* **Given data**

::::::

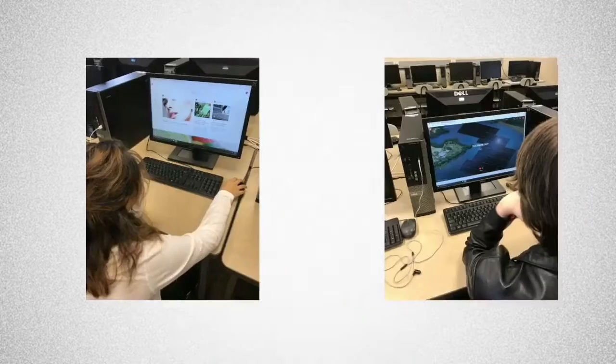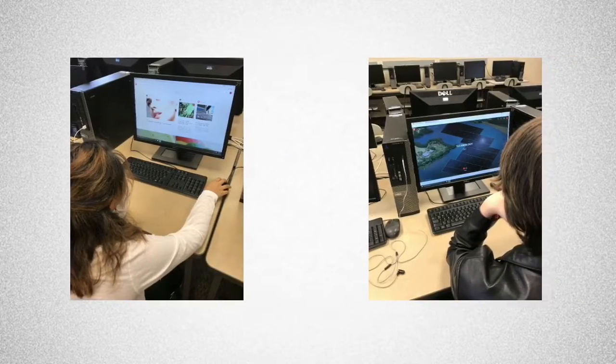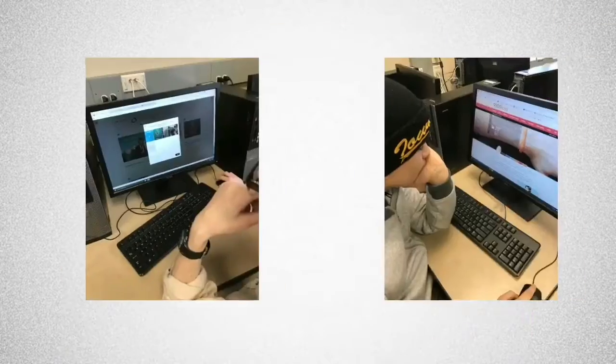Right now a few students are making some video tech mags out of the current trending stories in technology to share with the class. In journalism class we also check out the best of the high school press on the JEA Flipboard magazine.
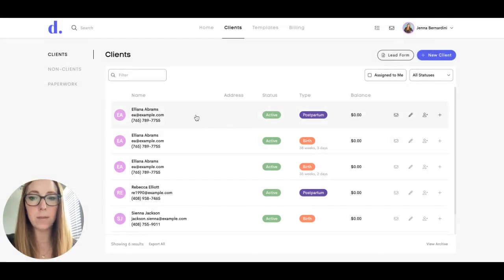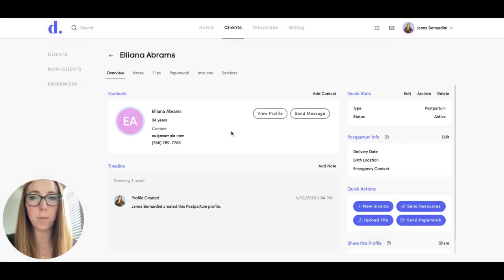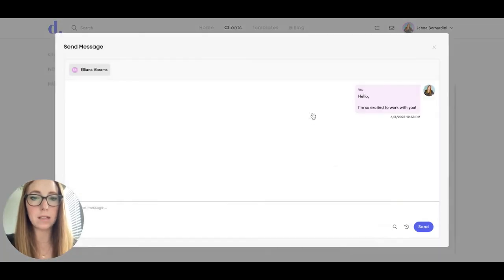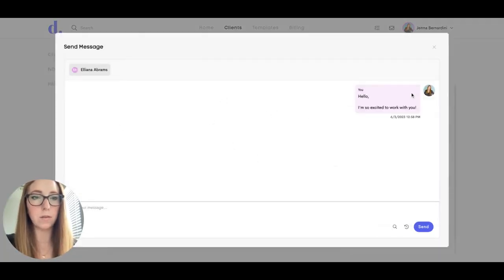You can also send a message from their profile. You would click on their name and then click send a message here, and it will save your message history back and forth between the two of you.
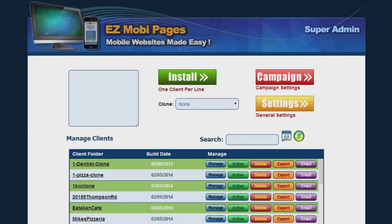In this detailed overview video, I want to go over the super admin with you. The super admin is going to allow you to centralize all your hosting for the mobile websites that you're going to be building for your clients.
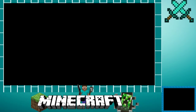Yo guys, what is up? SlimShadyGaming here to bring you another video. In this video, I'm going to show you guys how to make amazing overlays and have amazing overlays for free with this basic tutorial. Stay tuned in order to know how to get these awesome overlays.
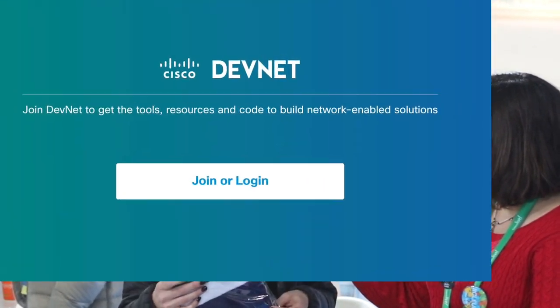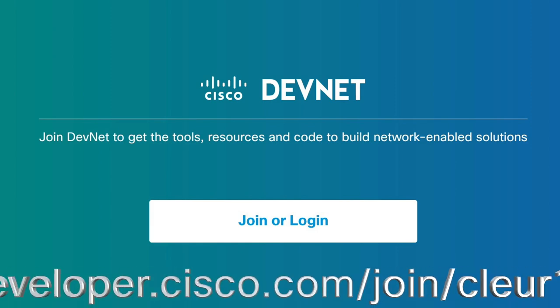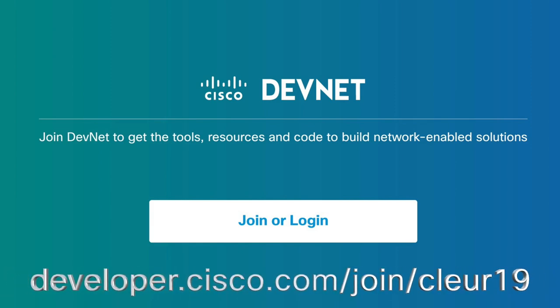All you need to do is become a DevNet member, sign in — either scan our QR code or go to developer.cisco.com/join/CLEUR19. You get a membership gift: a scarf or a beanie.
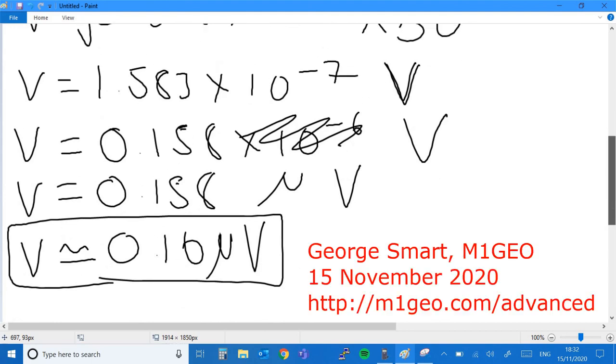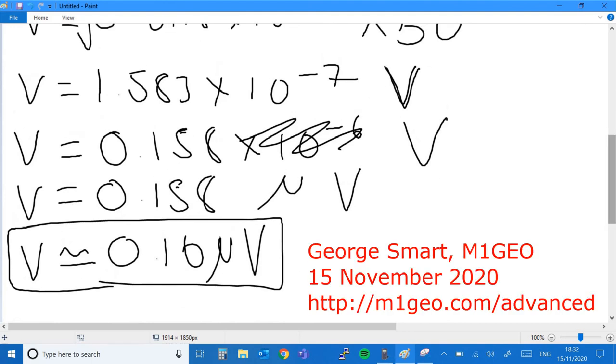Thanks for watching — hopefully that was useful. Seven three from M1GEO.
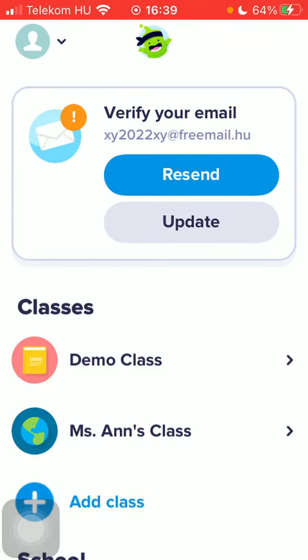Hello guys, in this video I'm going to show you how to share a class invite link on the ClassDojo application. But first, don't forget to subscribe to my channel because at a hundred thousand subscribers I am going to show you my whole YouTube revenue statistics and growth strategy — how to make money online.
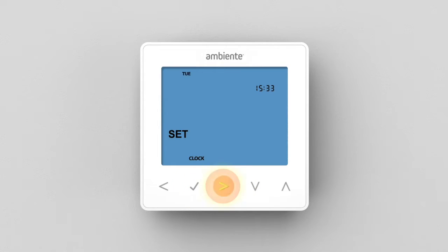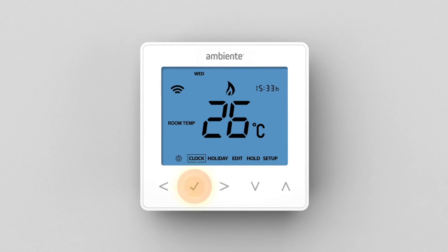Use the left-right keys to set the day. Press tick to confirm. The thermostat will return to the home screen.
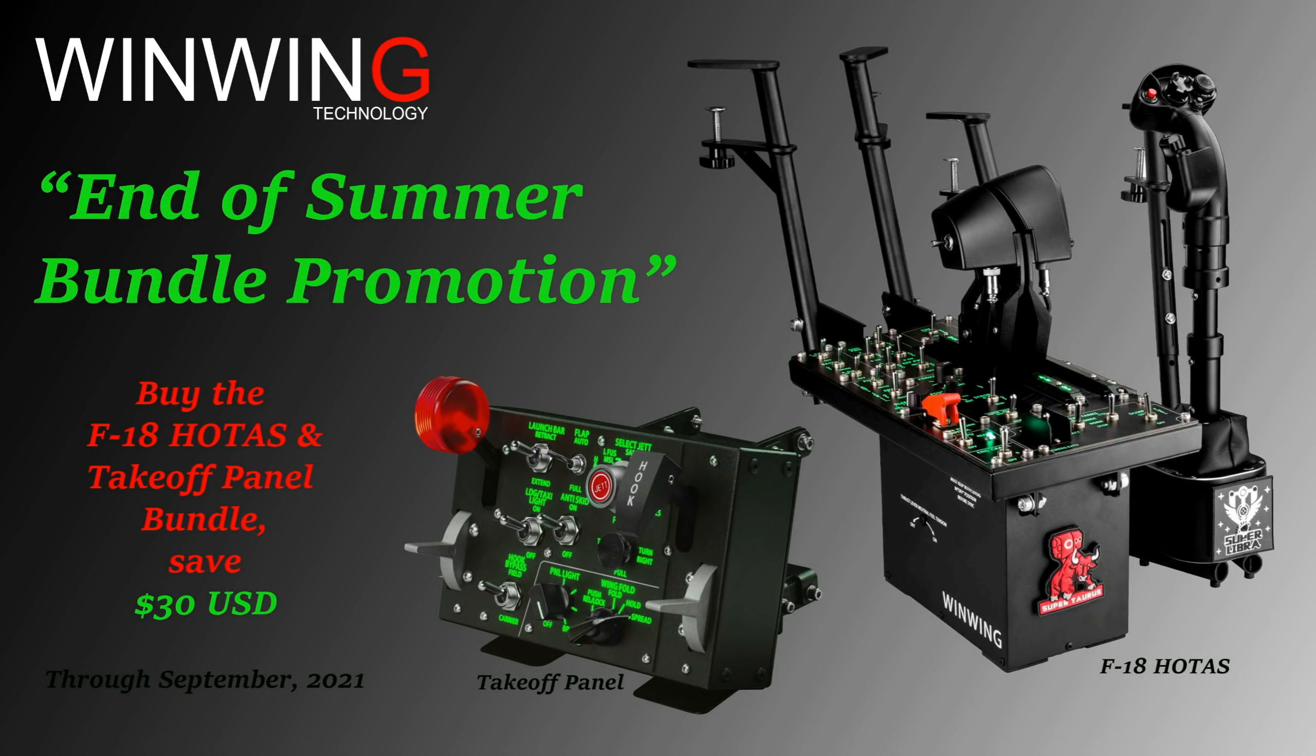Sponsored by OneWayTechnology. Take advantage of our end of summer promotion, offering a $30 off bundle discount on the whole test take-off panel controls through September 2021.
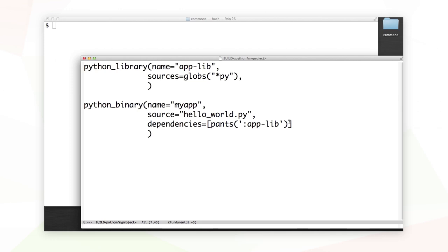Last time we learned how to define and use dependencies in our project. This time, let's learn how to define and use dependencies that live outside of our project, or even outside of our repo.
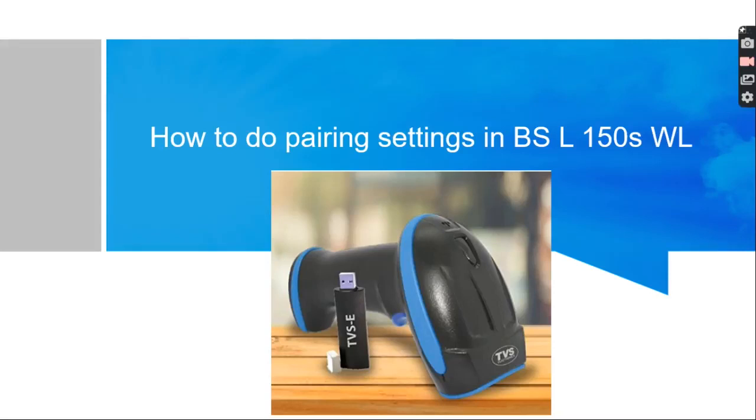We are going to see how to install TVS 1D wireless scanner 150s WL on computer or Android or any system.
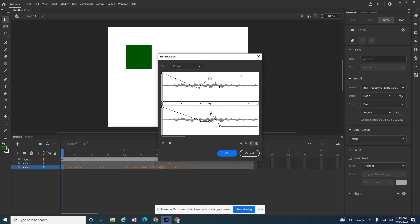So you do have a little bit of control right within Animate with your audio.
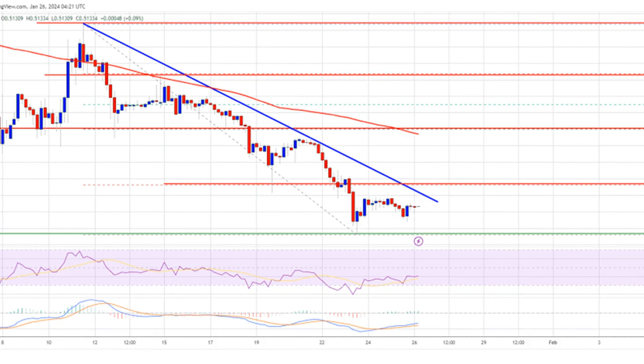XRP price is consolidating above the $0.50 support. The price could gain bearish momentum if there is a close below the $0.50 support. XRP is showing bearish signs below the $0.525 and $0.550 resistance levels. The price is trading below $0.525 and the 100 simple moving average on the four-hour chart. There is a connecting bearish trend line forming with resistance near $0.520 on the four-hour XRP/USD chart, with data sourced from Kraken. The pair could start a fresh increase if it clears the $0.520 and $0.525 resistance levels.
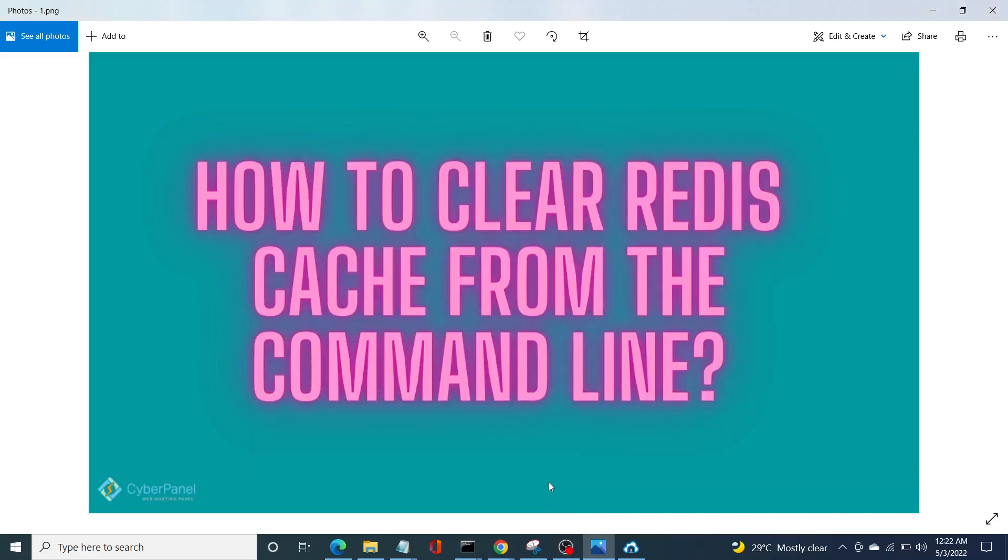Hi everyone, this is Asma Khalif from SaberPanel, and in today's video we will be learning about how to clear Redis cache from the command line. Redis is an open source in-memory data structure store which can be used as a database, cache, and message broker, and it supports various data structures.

::::::

* **Task to carry out**
Should a record include a picture, drop the picture and write out the remainder exactly.

* **Task solution**
Right now a few students are making some video tech mags out of the current trending stories in technology to share with the class. In journalism class we also check out the best of the high school press on the JEA Flipboard magazine.
You can also send a message from their profile. You would click on their name and then click send a message here, and it will save your message history back and forth between the two of you.
In this detailed overview video, I want to go over the super admin with you. The super admin is going to allow you to centralize all your hosting for the mobile websites that you're going to be building for your clients.
Yo guys, what is up? SlimShadyGaming here to bring you another video. In this video, I'm going to show you guys how to make amazing overlays and have amazing overlays for free with this basic tutorial. Stay tuned in order to know how to get these awesome overlays.
All you need to do is become a DevNet member, sign in — either scan our QR code or go to developer.cisco.com/join/CLEUR19. You get a membership gift: a scarf or a beanie.
Thanks for watching — hopefully that was useful. Seven three from M1GEO.
Hello guys, in this video I'm going to show you how to share a class invite link on the ClassDojo application. But first, don't forget to subscribe to my channel because at a hundred thousand subscribers I am going to show you my whole YouTube revenue statistics and growth strategy — how to make money online.
Use the left-right keys to set the day. Press tick to confirm. The thermostat will return to the home screen.
Sponsored by OneWayTechnology. Take advantage of our end of summer promotion, offering a $30 off bundle discount on the whole test take-off panel controls through September 2021.
Last time we learned how to define and use dependencies in our project. This time, let's learn how to define and use dependencies that live outside of our project, or even outside of our repo.
We are going to see how to install TVS 1D wireless scanner 150s WL on computer or Android or any system.
So you do have a little bit of control right within Animate with your audio.
XRP price is consolidating above the $0.50 support. The price could gain bearish momentum if there is a close below the $0.50 support. XRP is showing bearish signs below the $0.525 and $0.550 resistance levels. The price is trading below $0.525 and the 100 simple moving average on the four-hour chart. There is a connecting bearish trend line forming with resistance near $0.520 on the four-hour XRP/USD chart, with data sourced from Kraken. The pair could start a fresh increase if it clears the $0.520 and $0.525 resistance levels.
Hi everyone, this is Asma Khalif from SaberPanel, and in today's video we will be learning about how to clear Redis cache from the command line. Redis is an open source in-memory data structure store which can be used as a database, cache, and message broker, and it supports various data structures.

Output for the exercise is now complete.